This amusing piece came from the UK’s best Catholic weekly, The Catholic Herald (do you subscribe?):
The English language is not a walled garden, but rather a trampled field over which many passers through have left their mark. The French language has an academy to protect it, which can ban certain words and which has the legal power to enforce its will. But on this side of the Channel, if you use a new word or phrase, as long as it sticks, that word or phrase may well find its way into the next edition of the Oxford English Dictionary.
Some of these neologisms have a certain charm or energy to them. Others are ugly, lazy or debased and come, all too often, from America. [?!? I seeeee. Brits have never made up words. Noooo....] (Britain has a tendency only to take the worst of American neologisms, rarely the best.) But there is another community of speakers who seem to enjoy scraping the marble cladding off the language of Shakespeare and reducing it to brick. I mean, of course, the Catholic Church. This is one Romanist conspiracy that is sadly all too real.

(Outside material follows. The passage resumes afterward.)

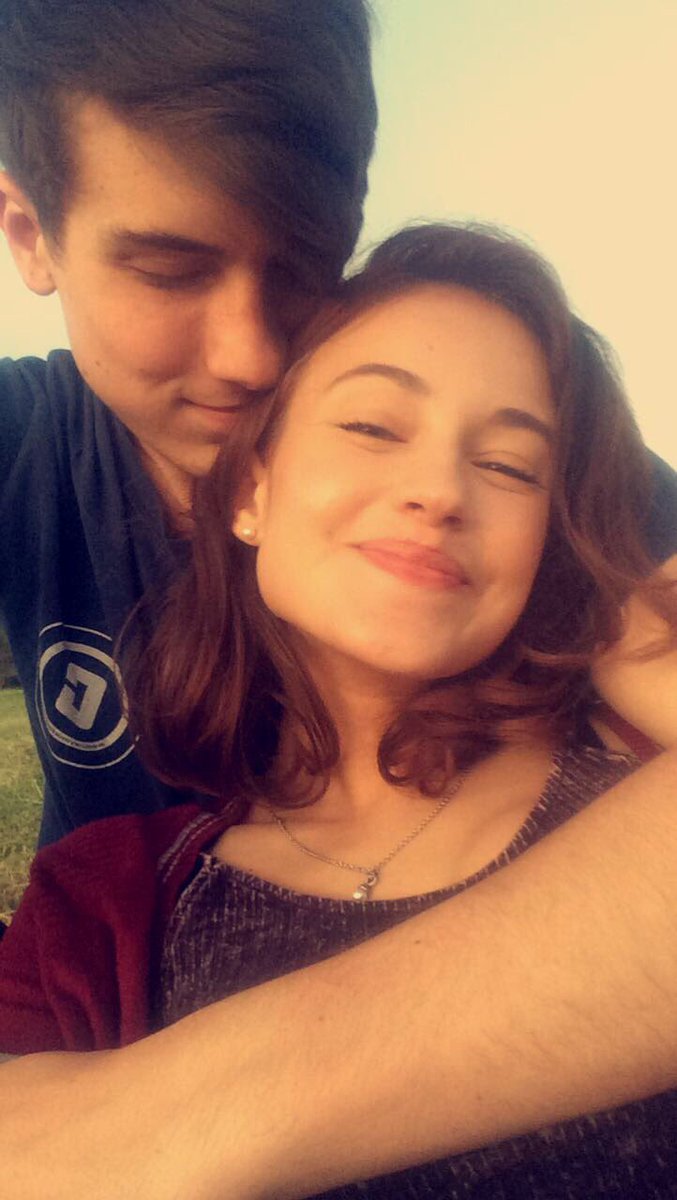 _ashmatch's tweet image. So, so thankful for the memories and beautiful people this season has brought me. You all have not only shown me the meaning of friendship, but also provided so much love and happiness. #Thanksgiving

Here are 10 examples of Catholic-speak that should be banned.
1) Formation. This word has nothing to do with making things out of clay or Plasticine. Rather, you will encounter it in the following setting: “religious formation” or “clergy formation”. It means something wider than mere education or studies, and is supposed to cover all those activities that go on in seminaries. Sometimes a priest may ask another priest: “Where did you do your formation?” The word comes to us from Italian (formazione) but what the priest really should be saying is: “Where did you do your training?” [Although, perhaps in a religious community novices need to be "molded" (beaten, squeezed into shape) according the spirituality of the group they hope to join.]
2) Robes. Those things you see your priest wearing at the altar? They are not robes. They are vestments. [Amen.] A robe is what you wear on your way to the bathroom. Judges wear robes, but priests vest. Priestly vestments are distinct and important. Robes sound like what they wore in Star Wars.
3)?Share. As in “thank you for sharing”. The only possible legitimate use of the word “share”, this side of California, is in the context of the stock market. So, instead of inviting people to share at the next meeting of the parish council, just turn and say: “So, what do you think?” [THINK? No, Father. "Feeeeel"....]
4)?Delicate. This is another import from Italian. Italians use the word delicato where we might use the words “awkward” or “embarrassing”. [Or "complicated".] You are told that the situation in the parish is “delicate”. This means that everyone should bury their heads in the sand, because they are too embarrassed to mention some elephant in the room. Go ahead: mention it and see what happens. And while on that topic…
5) Elephant in the room. This phrase should never be used. Instead, try saying the following: “Major infraction of canon law, which is clear for all to see, but which we are all pretending does not exist.” [Yes, though this is a delicate subject, I am sure we are all more comfortable referring to a large gorilla.]
6) Leadership Conference of Women Religious. Just ban it. Now. Never let these words be mentioned together again. Ever. [Would that it were so easy.]
7) Outreach. It seems like a good idea to reach out to people, but why this involves the invention of a new word, I am not sure. What happened to “mission”, a word good enough for the Church’s founder? [Yes. Ban it now.]
8)?Guideline. As in “only a guideline”. This is a favourite of those who fear they may be on the wrong side of canon law. It isn’t a guideline, it’s a law. So deal with it. [But... hang on! We can break guidelines!]
9)?Ongoing. This is a great favourite, especially when nothing is in fact going on. “Our investigations are ongoing” translates as: “We are doing nothing about it at present, except fob you off with words.” This is often found with the first example, as in “ongoing formation” (outside the Church, what is called in-service training), another form of words that masks a lacuna of activity. [For those of you in Columbia Heights, "lacuna" is Latin for "empty place, void, blank". It often refers to something that should be present, but isn't. Lacuna pairs well with "elephant in the room", doesn't it? In the one case, you "see" something that isn't there but should be and, in the other, you don't see something that is incredibly obvious.]
10) I know you are very busy right now, Father. Well, he might be or there again, he might not be. [sic] But whichever way, he was ordained to minister to the people of God, so speak to him. But whatever you say, do not use any of the words and phrases outlined above. [And please get to the point quickly. Thanks in advance.]
The 10 words that I have nominated for banishment could perhaps be joined by many others. Every Catholic will have his or her own list. This is mine.
But there is a serious point behind all this. The new translation of the Roman liturgy, and all the talk of a new evangelisation, rest on the concept of communicating timeless truth is a way that is attractive and even enticing. The words and phrase above are either ugly or obfuscating, or both.
We need to tell it like it is, to use one American phrase which is good, direct and powerful. Throwing away the jargon is one small, but necessary, step towards this.